Two senior quarterbacks, two different extremes.
Such is life in college football, where nothing is predictable, especially not for a walk-on who took a chance on sticking out his career, just for a moment like this.
“It means a lot,” said Fyfe, the Grand Island native in his fifth season after joining as a walk-on. “It’s been a long journey, and not knowing if you’re going to play much, but that’s the risk you take of walking on.
“I mean I think it pays off. Starting three games at Nebraska means more than starting four years at UNK, but that’s just my opinion.”
Fyfe is starting because Armstrong has an injured hamstring he initially suffered in the Minnesota game, and aggravated even worse during the Huskers’ season-ending loss at Iowa. In between those games, he sat out, and Fyfe was confident in his second career start, leading Nebraska to victory over Maryland.
Fyfe couldn’t play against Iowa, thought, because of a broken bone in his wrist he suffered in that Maryland game, when Fyfe was 23-of-37 passing for 220 yards and a touchdown in a 28-7 victory.
“It’s feeling all good. I mean, I have it wrapped up but it’s feeling 100 percent,” Fyfe said, noting he can take snaps under center.
Offensive coordinator Danny Langsdorf said Fyfe has been locked in as he’s ever seen him as Nebraska has been through bowl preparation.
“I think going with the ones and just knowing you’ve got to play, you’ve got to be more locked in, more prepared,” Fyfe said. “I’ve been having a lot better approach, I think, these last two weeks.
“I’ve been a lot sharper in practice this week, just being more detailed, knowing that I’m going to play. It’s nice being pretty certain I’m going to play.”
It’s certainly a reward for a player who admitted to thinking about transferring midway through his career, especially after a coaching change following his sophomore season. He can't name everybody that helped convince him to stay, but Mike Riley, offensive coordinator Danny Langsdorf and high school friend and teammate Sam Foltz, the senior punter and son of Gerald who died this summer, were among them.
“I just talked to the coaches and my parents and they thought it was the best option and thought might as well since you’re here, just work hard and hope for the best,” Fyfe said. “You’re the second guy, so you’re always one play away so you might as well stick it out.
“Here I am now, starting in the bowl game, so it will be fun.”
Armstrong’s career is ending on the other extreme, of course. He finishes his career with 44 starts, the most ever by a Nebraska quarterback, and a school-record 8,871 passing yards. His 625 completions are also a school record.
“It’s been rocky this year with injuries in the last 3-4 weeks,” Armstrong said. “It’s been a great thing for me being out here with my brothers, being out here with guys I graduated with, young guys I became friends with.

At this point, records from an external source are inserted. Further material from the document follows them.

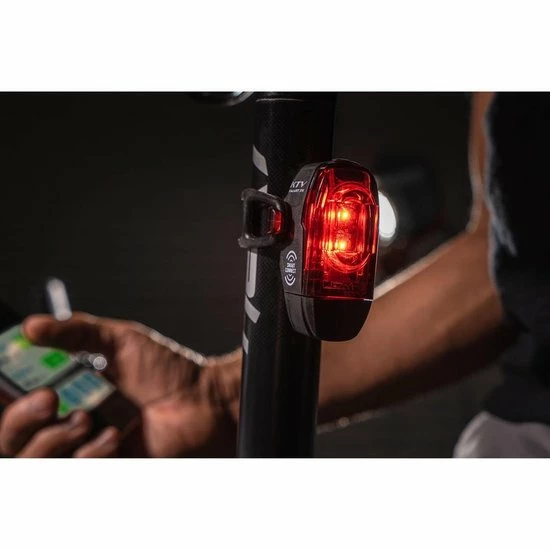 Korting 🎉 Lezyne KTV Pro Smart Rear Fiets Achterlicht - 75 Lumen - Zwart 🤩 9 Korting 🎉 Lezyne KTV Pro Smart Rear Fiets Achterlicht - 75 Lumen - Zwart 🤩 - Afbeelding 7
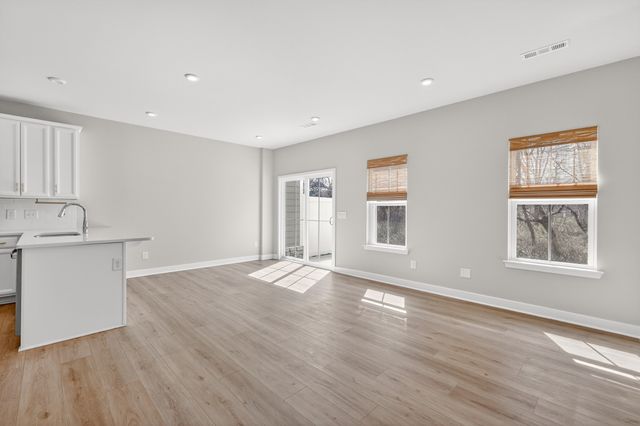 1085 Duncan St, Gallatin, TN 37066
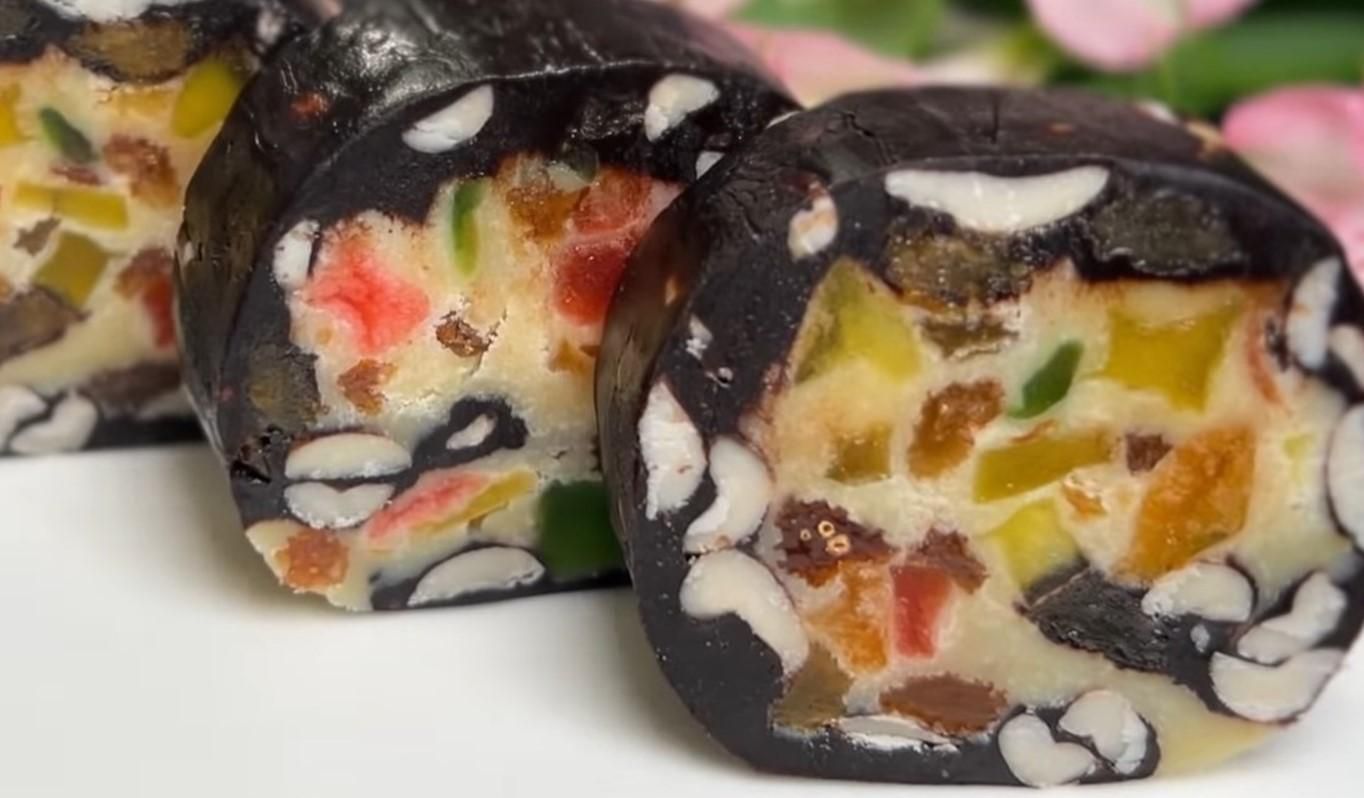 Солодкий рулет з цукатами: рецепт Солодкий рулет з цукатами: рецепт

“As far as my career here, it’s been great for me … being able to make bonds and friendships with players and coaches.”
He will be sidelined along with his longtime roommate, decorated receiver Jordan Westerkamp, who’s out with a knee injury. Roommates again on this road trip, the two often discuss how badly they wish they could be on the field one more time this week.
“At the end of the day it’s about your health,” Armstrong said, referring specifically to himself. “It’s certain things that a certain person can do. You can’t be Superman. You can’t go out there do things how you used to do it in Week One or Week Two.”
Meanwhile, Armstrong is preparing to get himself healthy for Pro Day in Lincoln. He’s keeping his options open, he said, but will be spending time working out with wide receivers coach Keith Williams, a sure indication wide receiver may be the most likely option for Armstrong on the next level.
“I’ve played it here and there and high school and I’m not opposed,” Armstrong said. “Just a chance to go out there and do what I can do. I’m a hard worker. I’m a gritty player. I go out there and play as hard as I can.”
Just as Fyfe plans on doing Friday.
“I think Ryker has done a great job of preparing and getting those guys going,” Armstrong said. “I’m confident in him and his skill set to go out there and win the game for us.”